Maillot’s choreography is slick, subtle and witty – and often simple, and filled with surprises. The innovative set, by Ernest Pignon-Ernest, is starkly white, with an elegant central staircase that separates for varied uses, establishing a backdrop that enhances the feverish activities going on in front of it. The lighting by Dominique Drillot is outstanding, bringing the sunshine of Padua to the stage and, in one of the ‘taming’ scenes, creating mysterious 3-D mosaics on the staircase. The costumes by Augustin Maillot are all white and black, with the exception of Bianca’s electric blue skirt and Kate’s initial shot silk green dress.
Using an eclectic score of 25 works by Shostakovich, the ballet moves swiftly from Kate’s frenzied ‘shrew’ scenes, where she spits out venom at the men suitors in seemingly uncontrolled and vicious actions, and in the complex and challenging duets with Petruchio, where she slides under, over and around him at speed; to the peaceful and lyrical pas de deux (to The Gadfly) between Bianca and Lucentio. The ballet finishes with an extraordinary rendition of ‘Tea for Two’ from his Jazz Suite, where surprisingly, instead of dancing a snazzy turkey trot, the cast take it in turns to mime different ways of drinking tea! (Sadly on first night, the recording jumped a couple of times leaving the quick-witted dancers to adapt their dancing to the next scene.)
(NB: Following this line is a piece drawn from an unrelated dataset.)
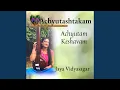 Lagu Achyutakshtakam - Achyutam Keshavam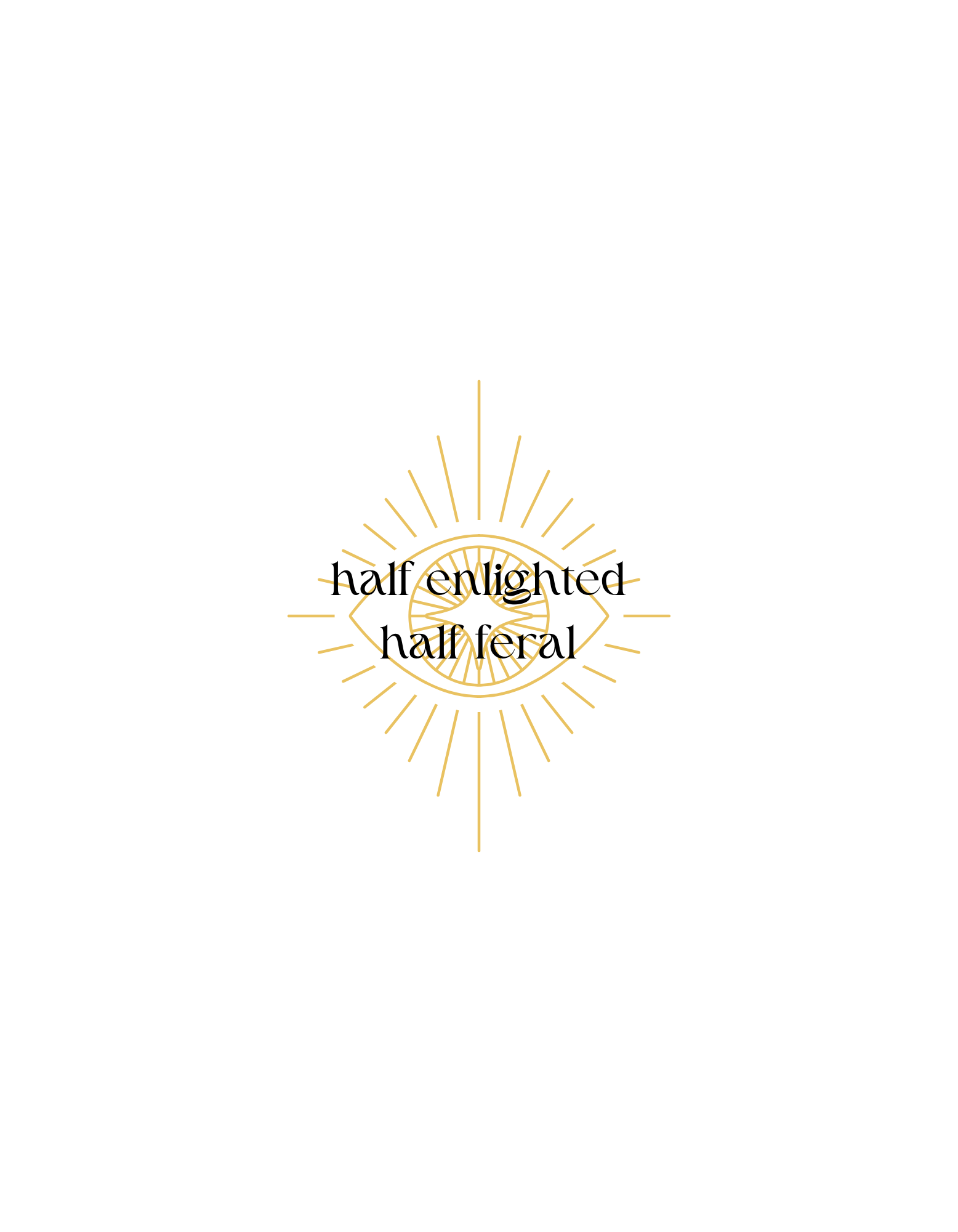 Half Enlightened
The first surprise moment comes before the curtain is even raised. A beautiful young lady, in tight black Capri pants, an off-the-shoulder feathery top, and very high heels, walks on and surveys the audience (very Pina Bausch). Satisfied, she sits on the floor and swaps her high heels for pink pointe shoes, luxuriating in stretching high her long luscious legs as she fits them. When she’s finished, she looks out at the audience again while the stage manager’s "no photography, or recordings and, mobiles must be switched off,” announcements are made. Then she rises and, after flashing her eyes at the audience, ‘lifts’ the curtain on a bright, bleached white stage. Anna Tikhomirova’s role is 'The Housekeeper', though she becomes more of a circus ring master, directing much of the action throughout the ballet, while dancing with great joy, elegance and lightness – yet showing she can also pitch a punch like the others when someone gets in her way!